Obesity is a significant breast cancer (BC) risk factor and is associated with 20–40% increased risk in obese post-menopausal women compared to their lean counterparts. Several obesity-related metabolic dysregulations have been linked to BC risk, including overactivation of the renin-angiotensin system (RAS). Currently, RAS inhibitors including angiotensin converting enzyme inhibitor (ACEi) and AT1 receptor blockers (ARBs), are used as safe and effective anti-hypertensive therapies in BC patients. However, it is uncertain how inhibition of RAS in adipose tissue impacts obesity-BC crosstalk. We hypothesized that adipose RAS inhibition will reduce BC cell motility and inflammation. We determined (1) the direct effects of Ang II, ACEi (captopril; Cap) or ARB (telmisartan; Tel) on receptor positive MCF-7 and receptor triple negative MDA-MB-231 cells; and (2) the effects of conditioned media (CM) from human mesenchymal stem cells differentiated into adipocytes, which were pretreated with RAS inhibitors, on BC cells. We demonstrated that direct treatments of BC cells with Ang II, Cap or Tel did not alter inflammatory cytokines in either BC cell line. However, CM from Ang II-pretreated adipocytes significantly increased secretion of pro-inflammatory markers at protein level. RAS inhibitors reduced their secretion in MDA-MB-231, but not in MCF-7 cells. Additionally, CM from adipocytes treated with RAS inhibitors significantly reduced markers of inflammation, fat synthesis, and angiogenesis in both BC cell lines. Furthermore, CM from ACEi pretreated adipocytes reduced cell motility in both BC cell lines. Findings from our study indicate an important role of adipose RAS inhibition in adipocyte and BC cell crosstalk.

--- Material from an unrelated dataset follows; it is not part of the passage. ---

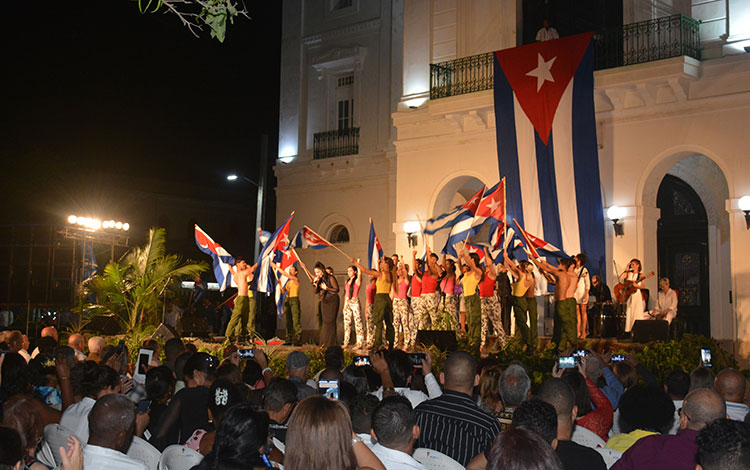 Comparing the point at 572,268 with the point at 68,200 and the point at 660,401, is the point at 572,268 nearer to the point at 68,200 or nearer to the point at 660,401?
the point at 660,401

肥胖是重要的乳腺癌（BC）危险因素，与绝经后的肥胖女性相比，肥胖与绝经后肥胖的风险增加20-40％有关。与肥胖相关的几种代谢异常与BC风险有关，包括肾素-血管紧张素系统（RAS）过度活化。当前，包括血管紧张素转化酶抑制剂（ACEi）和AT1受体阻滞剂（ARB）在内的RAS抑制剂在BC患者中被用作安全有效的抗高血压疗法。然而，尚不确定脂肪组织中RAS的抑制如何影响肥胖-BC串扰。我们假设脂肪RAS抑制将减少BC细胞的运动性和炎症。我们确定（1）Ang II，ACEi（卡托普利； Cap）或ARB（替米沙坦； Tel）对受体阳性MCF-7和受体三阴性MDA-MB-231细胞的直接作用；（2）来自人间充质干细胞的条件培养基（CM）分化为脂肪细胞（经RAS抑制剂预处理）对BC细胞的影响。我们证明用Ang II，Cap或Tel直接治疗BC细胞不会改变任一BC细胞系中的炎性细胞因子。然而，来自Ang II预处理的脂肪细胞的CM在蛋白质水平上显着增加了促炎标记的分泌。RAS抑制剂减少了它们在MDA-MB-231中的分泌，但没有减少MCF-7细胞中的分泌。此外，用RAS抑制剂处理过的脂肪细胞中的CM可显着减少两种BC细胞系中炎症，脂肪合成和血管生成的标志物。此外，来自ACEi预处理的脂肪细胞的CM降低了两种BC细胞系的细胞运动性。